I interviewed him to gather more information on his credibility, his knowledge and his direct experience. Prior to the interview, Bishop provided me with a written document that clarifies his position on oil extraction. I have provided it immediately below:

“My friend in Orcutt recently received a letter from Aera (Energy) asking for support to add 296 high-pressure and temperature oil wells and waste water injection wells to their Cat Canyon facility that is upstream from Los Alamos. Aera is a limited liability oil company, created by ExxonMobil and Shell Oil, to extract oil locally while limiting their financial and environmental responsibilities.

“The Aera letter falsely extols the financial and environmental benefits to our county. They tout all the donations they’ve made to local groups and only ask that North County folks rise up and support their project to the Board Of Supervisors.

“The Aera East Cat Canyon oil field sits at the headwaters of the Santa Maria waterbasin/watershed. This watershed provides drinking water to Santa Maria and all the farms, ranches, vineyards and residences downstream.

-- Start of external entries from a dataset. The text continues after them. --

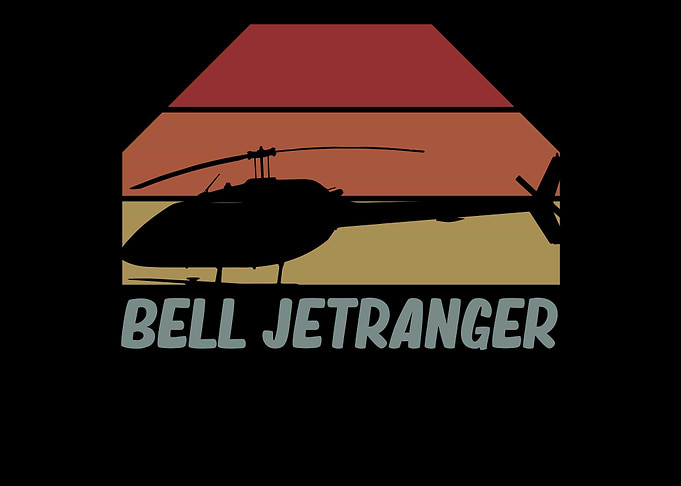 Helicopter Pilot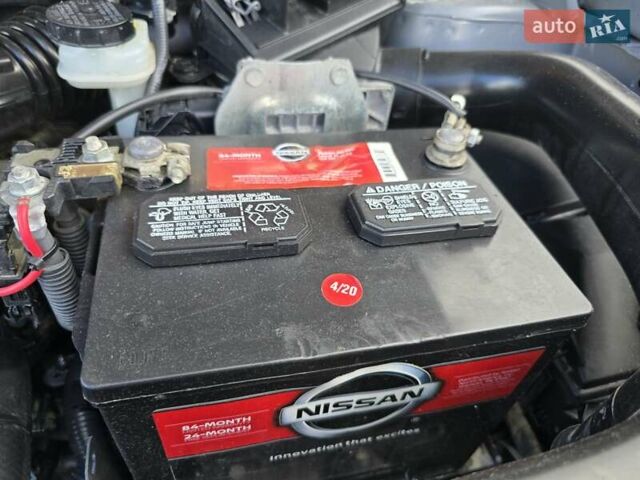 Ниссан ИксТрейл 2010 в Калуше на Automoto.ua Серый Ниссан ИксТрейл, объемом двигателя 2 л и пробегом 245 тыс. км за 11999 $, фото 52 на Automoto.ua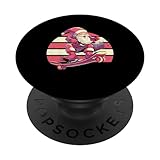 Photo Gallery santa claus skateboarder | skateboard | buon natale popsockets popgrip intercambiabile Photo Gallery santa claus skateboarder | skateboard | buon natale popsockets popgrip intercambiabile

“As a hazardous material specialist for more than 25 years, I have responded to many oil, gas and wastewater spills in the East Cat Canyon area. I have found that often spill prevention and clean-up measures at these facilities are not adequately implemented unless costly enforcement action is imminent.

“All oil wells and pipelines leak at some point in their lifetime, both above ground and at various locations underground. These wells and pipes pass through our drinking water aquifers.

“It is time that we in the North County say NO to irresponsible and high-risk oil extraction. Conventional oil extraction is lower risk. It is only a matter of time before these newer high temperature, high-pressure wells leak into our drinking water. Then when the oil company skips town, who pays to clean up our water and land?

“Let’s build safer solar and wind-generated power, and profit from these in North County.”

As a result of my interview, I learned that Bishop worked for Los Angeles and Santa Barbara County government for a total of 33 years, 25 of them in Santa Barbara. He served initially as an investigator and later as a supervisor in what was called the Hazardous Material Program of the Santa Barbara County public health and fire departments.

His primary job was to inspect companies that handled hazardous materials, which are called hazmat for short. When called to inspect, he often wore a hazmat suit. He responded to larger spills with the Fire Department to enforce hazmat laws and regulations for cleanup.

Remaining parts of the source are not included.